Once bound by the constraints of time, geography and cultural expectations dating is now a much more free and personalized experience. What happened to finding your life partner within your neighborhood? Well, today many individuals search for love within the digital “neighborhoods” of online dating technologies. From newspaper classifieds to the dating apps of today’s post-modern society, digital media technologies have transformed the dating world. Full of endless opportunities and chance for hyper-personalized experiences, dating in the digital world is a paradox of choice.
Joining the online dating community gives you access to an abundant source of singles; it’s now up to you to filter through them to find your “perfect” match. This proliferation of choice comes with both benefits and drawbacks. The opportunity arises to move past possible boundaries that may have prevented you from finding “the one” by chance in real life. A personalized profile and selection process gives you the advantage to potentially skip those awkward first-dates and encounters with someone you have nothing in common with. These platforms are full of a plethora of potential romantic partners, but what happens when the abundance of choices becomes too much. Although dating applications and websites provide the chance to sift through the many options to find the perfect one for you, this also makes the decision process more difficult than ever before.
“Don’t you see what’s happening to us? There’s just too much jam out there. If you’re on a date with a certain jam, you can’t even focus, ’cause as soon as you go the bathroom, three other jams have texted you. You go online, you see more jam there. You put it in filters to find the perfect jam. There are iPhone apps that literally tell you if there is jam nearby that wants to get eaten at that particular moment”(132). — Aziz Ansari’s, author of “Modern Romance”, reflection on the proliferation of choice and Sheena Iyengar’s studies.
Evidently, a copious amount of choice is overwhelming. Am I making the right choice? Is he/she the one? Wait, what about that one? These are common questions running through one’s head as they navigate the world of online dating. Given all the possibilities, people rush to judge those they meet and second-guess their decisions in search for the “best”. It’s become clear that this proliferation of choice makes it difficult for some to commit to another. Overwhelmed and indecisive many wind up in a never-ending cycle of singles.
No choice = misery and “settling” // Abundance of choice = stress and hesitance.

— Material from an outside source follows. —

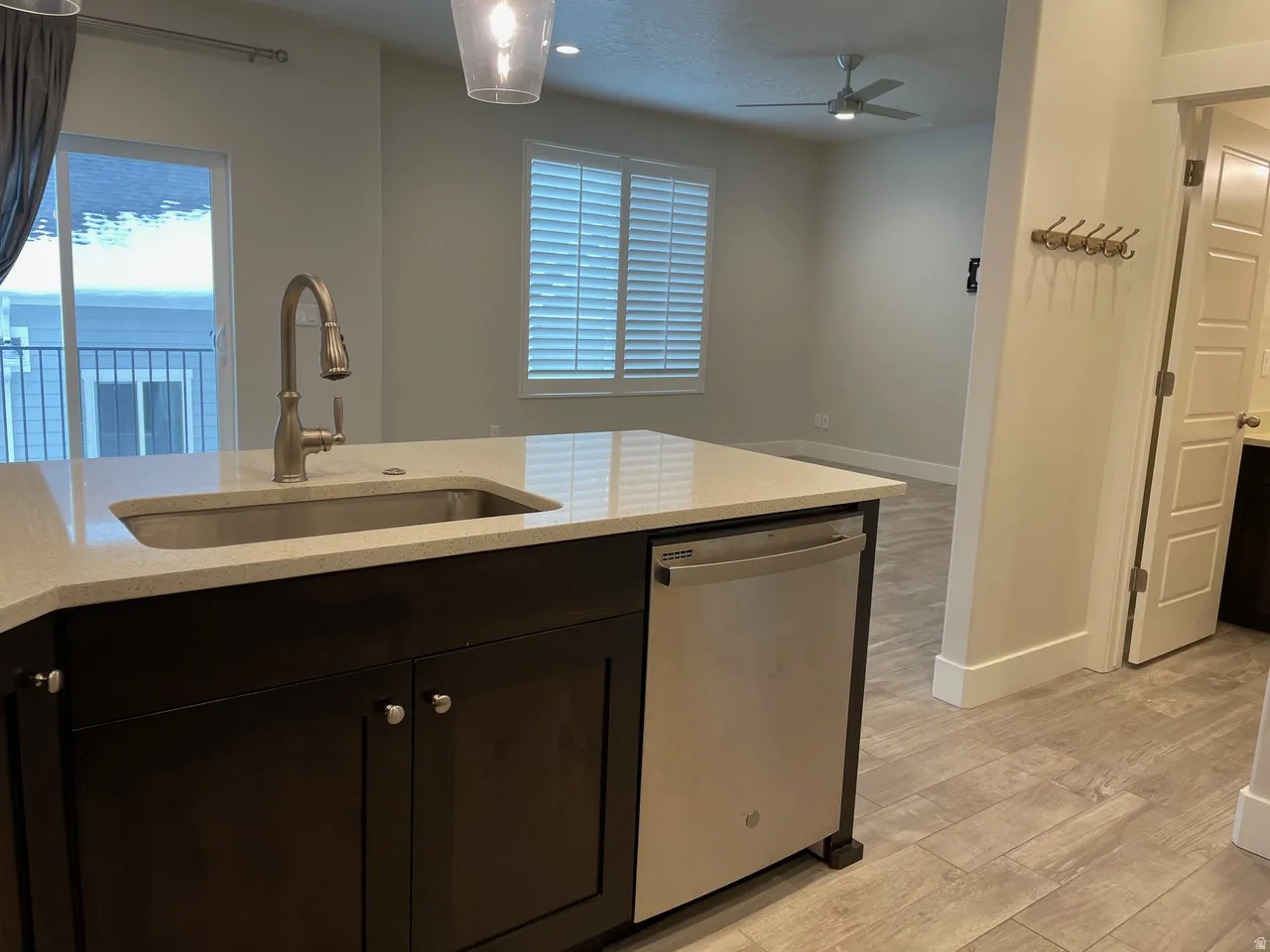 Kitchen with light wood-type flooring, dishwasher, dark wood finish cabinets, light stone counters, and a ceiling fan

This is the paradox of choice.
Relating to the paradox of choice is the change in mind-set regarding dating and marriage. With the rise in dating technologies and the proliferation of potential romantic partners society has seen a shift in the dating and marriage mindset. As Aziz Ansari puts it what we seek in a lifelong partner has moved from a companionate, “good-enough marriage” to that of the passionate, “soul-mate marriage”. For generations past marriage was often times a decision based on life partnership, social status, and maintaining gender specified roles. Today people are determined to find their soul mate; the one they deeply love, the perfect match, their better half and so on. In today’s society we are provided with the technology and resources to do just that, yet the quest for a soul mate proves to be a very difficult task. Presented with the proliferation of choice and endless opportunities to find “the one” many individuals develop a very nit-picky attitude where they constantly second-guess any dating decisions, fantasize about other possibilities and struggle to commit.

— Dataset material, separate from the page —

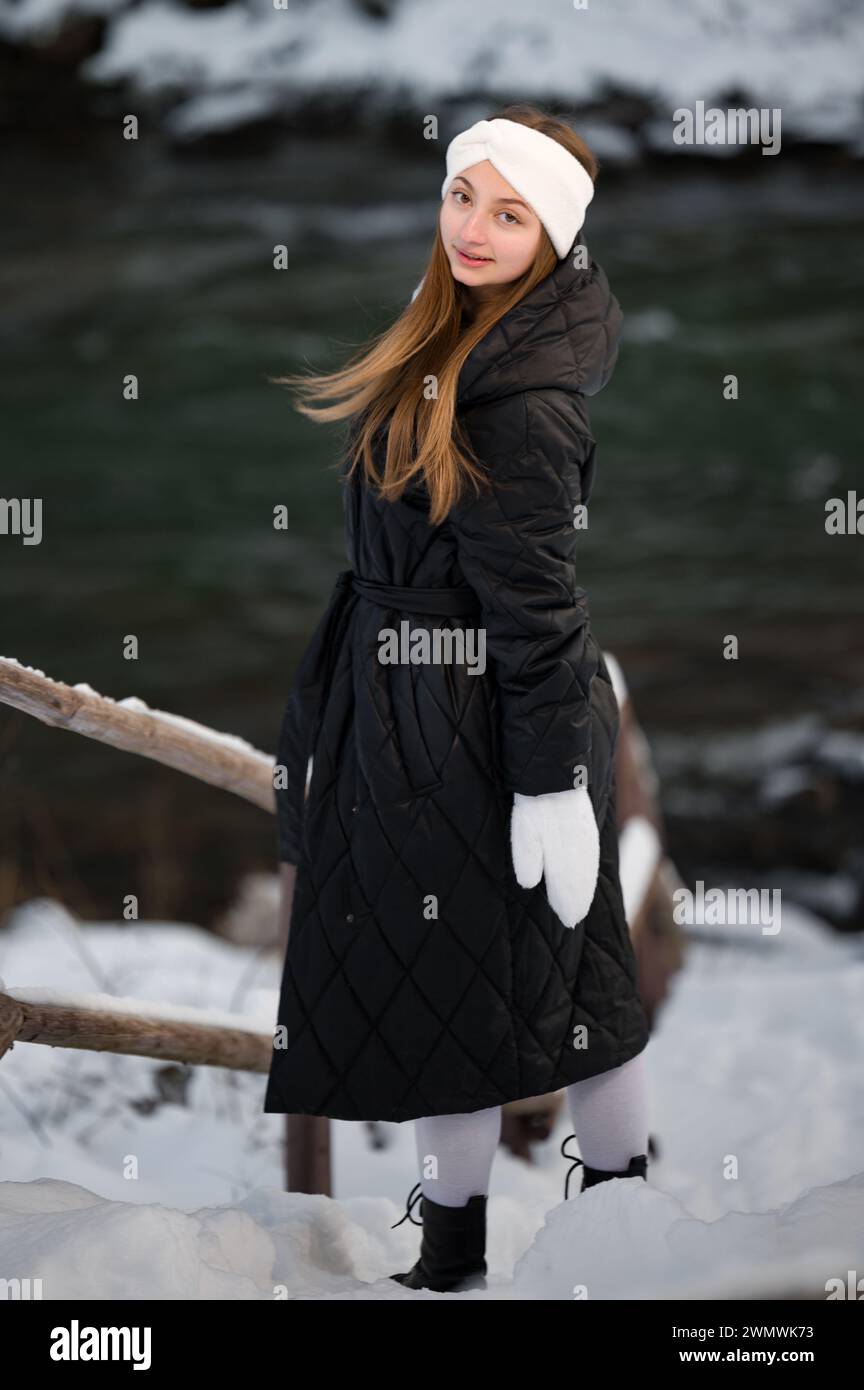 Belle fille en vêtements d'hiver dans la forêt près de la rivière en hiver, bandeau blanc d'hiver et gants blancs. Banque D'Images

“The soul mate marriage is very different from the companionate marriage. It’s not about finding someone decent to start a family with. It’s about finding the perfect person whom you truly, deeply love. Someone you want to share the rest of your life with. Someone with whom, when you smell a certain T-shirt they own, you are instantly whisked to a happy memory about the time he or she made you breakfast and you both stayed in and binge-watched all eight seasons of Perfect Strangers. We want something that’s very passionate, or boiling, form the get-go. In the past, people were looking for something boiling they just needed some water. Once they found it and committed to a life together, they did their best to heat things up. Now, if things aren’t boiling, committing to marriage seems premature”(24).
It’s clear that society’s expectations regarding love and marriage has changed drastically over the years. Digital technologies have provided for much of this change. People seek the “best” in all aspects of life knowing that (in many cases) find the “best” is achievable. Though the opportunities are endless, seeking the “best”, most fit lifelong partner is a daunting task. Faced with an abundance of choice, it becomes difficult to lock down “the one” and commit. Dating in the digital, post-modern world has become a process of finding (the perfect) one in a million (of compatible choices).
“We’re in a hallway with millions of doors. That’s a lot of doors. It’s nice to have all those options. But — a hallway with millions of doors? Is that better? Is it terrifying?”(28).